Table of Contents Author Guidelines Submit a Manuscript
ISRN Nursing
Volume 2011 (2011), Article ID 752320, 4 pages
Research Article

Additional Support for Simple Imputation of Missing Quality of Life Data in Nursing Research

1Clinical Research Centre, Kingston General Hospital, Kingston, ON, Canada K7L 2V7
2Department of Community Health and Epidemiology, Queen's University, Kingston, ON, Canada K7L 2V7
3School of Nursing, Faculty of Health Sciences, Queen's University, Kingston, ON, Canada K7L 2V7
4Practice and Research in Nursing (PRN) Group, Queen's University, Kingston, ON, Canada K7L 2V7
5Department of Anesthesiology and Perioperative Medicine, Queen's University, Kingston, ON, Canada K7L 2V7

Received 5 August 2011; Accepted 5 September 2011

Academic Editors: V. Lohne and H. S. Shin

Copyright © 2011 Wilma M. Hopman et al. This is an open access article distributed under the Creative Commons Attribution License, which permits unrestricted use, distribution, and reproduction in any medium, provided the original work is properly cited.


Background. Missing data are a significant problem in health-related quality of life (HRQOL) research. We evaluated two imputation approaches: missing data estimation (MDE) and assignment of mean score (AMS). Methods. HRQOL data were collected using the Medical Outcomes Trust SF-12. Missing data were estimated using both approaches, summary statistics were produced for both, and results were compared using intraclass correlations (ICC). Results. Missing data were imputed for 21 participants. Mean values were similar, with ICC > . 9 9 within both the Physical Component Summary and the Mental Component Summary when comparing the two methodologies. When imputed data were added into the full study sample, mean scores were identical regardless of methodology. Conclusion. Results support the use of a practical and simple imputation strategy of replacing missing values with the mean of the sample in cross-sectional studies when less than half of the required items of the SF-12 components are missing.

1. Introduction

Health-related quality of life (HRQOL) is an increasingly important outcome in both clinical trials and observational studies [14]. It is also a natural choice as an outcome for nursing interventions since interventions are often aimed at improving well-being. This is particularly true in chronic disease management, where a cure does not exist and the goal of treatment is often to optimize comfort, and learn to live with and manage one’s condition [1, 3, 4].

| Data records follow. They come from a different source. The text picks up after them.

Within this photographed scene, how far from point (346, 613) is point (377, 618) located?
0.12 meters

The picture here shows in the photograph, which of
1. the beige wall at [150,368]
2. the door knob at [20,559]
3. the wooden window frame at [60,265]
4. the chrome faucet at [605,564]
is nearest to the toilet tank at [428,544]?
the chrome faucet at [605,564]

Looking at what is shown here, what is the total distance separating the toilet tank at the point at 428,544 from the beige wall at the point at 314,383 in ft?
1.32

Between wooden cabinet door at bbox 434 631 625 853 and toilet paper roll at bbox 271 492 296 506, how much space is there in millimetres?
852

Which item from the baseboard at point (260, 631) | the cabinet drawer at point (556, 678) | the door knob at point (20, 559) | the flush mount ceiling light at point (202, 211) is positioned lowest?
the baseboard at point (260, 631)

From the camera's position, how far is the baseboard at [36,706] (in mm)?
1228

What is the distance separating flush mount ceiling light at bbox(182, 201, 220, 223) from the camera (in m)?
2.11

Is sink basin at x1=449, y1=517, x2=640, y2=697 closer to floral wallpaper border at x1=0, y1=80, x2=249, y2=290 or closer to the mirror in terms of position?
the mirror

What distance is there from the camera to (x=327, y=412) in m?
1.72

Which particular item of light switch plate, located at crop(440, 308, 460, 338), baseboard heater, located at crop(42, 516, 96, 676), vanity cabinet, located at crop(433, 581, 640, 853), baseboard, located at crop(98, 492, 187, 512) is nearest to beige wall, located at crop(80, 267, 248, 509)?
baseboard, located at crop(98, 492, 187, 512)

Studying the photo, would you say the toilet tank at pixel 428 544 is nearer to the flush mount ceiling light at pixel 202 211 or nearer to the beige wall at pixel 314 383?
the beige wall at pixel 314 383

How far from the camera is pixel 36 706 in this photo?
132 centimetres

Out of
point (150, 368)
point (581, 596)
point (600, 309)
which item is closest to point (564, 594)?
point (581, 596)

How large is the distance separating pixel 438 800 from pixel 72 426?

Missing data are a significant problem in HRQOL research due to the potential loss of statistical power as the sample size is reduced and, more importantly, due to the potential for bias [5, 6]. For example, if those who are sicker are less likely to complete the assessment, HRQOL based on those with complete data may be overestimated; conversely, if those who are feeling well drop out of a study, HRQOL may be underestimated [5]. Yet missing data continue to be an issue, even when specific interventions to minimize missing data are used [7].

The potential impact of the problem has been well described [5], including the impact of data that are missing completely at random (MCAR), missing at random (MAR), or missing not at random (MNAR). A number of researcher teams have developed strategies for imputation of missing data, including modified regression estimation [8], missing data estimation (MDE) [9], single and multiple imputation strategies [10], regression-based multipattern imputation [11], last value carried forward/next value carried backward approaches in longitudinal data [12], and hot deck techniques [13].

The Medical Outcomes Trust SF-36 and the shorter SF-12 health surveys are the most widely used HRQOL assessments in the world, with translations into 138 and 113 languages, respectively [14]. When scored, the SF-12 produces a Physical Component Summary (PCS) and a Mental Component Summary (MCS) [15]. All 12 items contribute to the two components, but six are primarily used to generate the PCS while the other six are primarily used for the MCS. The problem is that if even one of the twelve items is missing, the PCS and the MCS are not produced. This can lead to nonresponse bias and is a particular issue for those who lack the funds to purchase commercial applications for missing data estimation, or for routine users for whom the increase in computational complexity associated with multiple imputation strategies puts such approaches out of reach [6].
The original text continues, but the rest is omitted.